Introduction to Articles on the Climate Crisis


In August 2021, the Intergovernmental Panel on Climate Change (IPCC)—the UN-sponsored body that brings together the world’s leading climate scientists—issued its latest report on what is happening to the world’s climate. We have known for decades that increased emissions of carbon dioxide and other greenhouse gases have already led to a dangerous increase in the average surface temperature of the planet, which is now more than 1° Celsius hotter than in the pre-industrial period. Even that amount of global warming has already had severe consequences in terms of more extreme weather events, unprecedented heat waves and forest fires, the melting of the polar ice caps and rising sea levels, the large-scale disruption of ecosystems and rapidly increasing rate of extinction, and other dire consequences. The new report confirmed in meticulous detail that humanity is facing an existential crisis, since if current trends continue, the conditions for the physical survival of human society will be undermined. Atmospheric levels of carbon dioxide were at 280 parts per million (ppm) before the industrial revolution. Today they have reached 415 ppm. If emissions continue at their current level, atmospheric carbon dioxide will climb to 560 ppm by the end of the century, resulting in a temperature increase of 3°C, far above the 1.5° that governments around the world have agreed is the maximum increase to prevent the consequences spiraling out of control. If emissions increase, climate catastrophe will arrive even sooner.

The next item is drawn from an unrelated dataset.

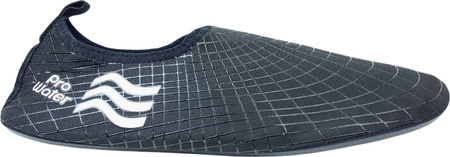 Buty do wody plażowe koralowce ProWater czarne PRO-24-48-054M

The one ray of hope in the IPCC report is that the increase in global temperature can still be held to 1.5°C if we rapidly reduce fossil fuel use. That reduction would require implementing an immediate transition from the use of coal, natural gas, and oil to renewable energy sources (in particular, solar and wind power) that would have to begin immediately and be completed no later than 2050. This should have been the agenda at the COP26 climate negotiations in Glasgow, Scotland, this past November. But while the assembled political leaders paid lip service to the severity of the crisis, the agreements they reached fell far short of what needs to be done. The pledges made by the world’s leading economies to reduce their greenhouse gas emissions are not nearly sufficient, and with past behavior as a guide to what will happen in the future, we know that even these inadequate pledges will not be met. Perhaps nothing better illustrates the irrationality of capitalism than its failure to produce serious solutions to the imminent danger of climate disaster.

The articles in this section examine different aspects of the climate crisis. In his essay, Martin Hart-Landsberg takes up the question of how a rapid transition from fossil fuels to renewable energy could take place. He draws parallels with the very different transition that took place in the U.S. economy at the beginning of World War II. While this transition was to a massive increase in military production, Hart-Landsberg argues that there are valuable lessons to be learned. This history certainly demonstrates that even a huge economy like the United States can be fundamentally restructured in a very short period of time. The mechanisms that were used to bring this transition about may provide ideas about how a Green New Deal that shifts the economy to the use of sustainable energy sources could be implemented.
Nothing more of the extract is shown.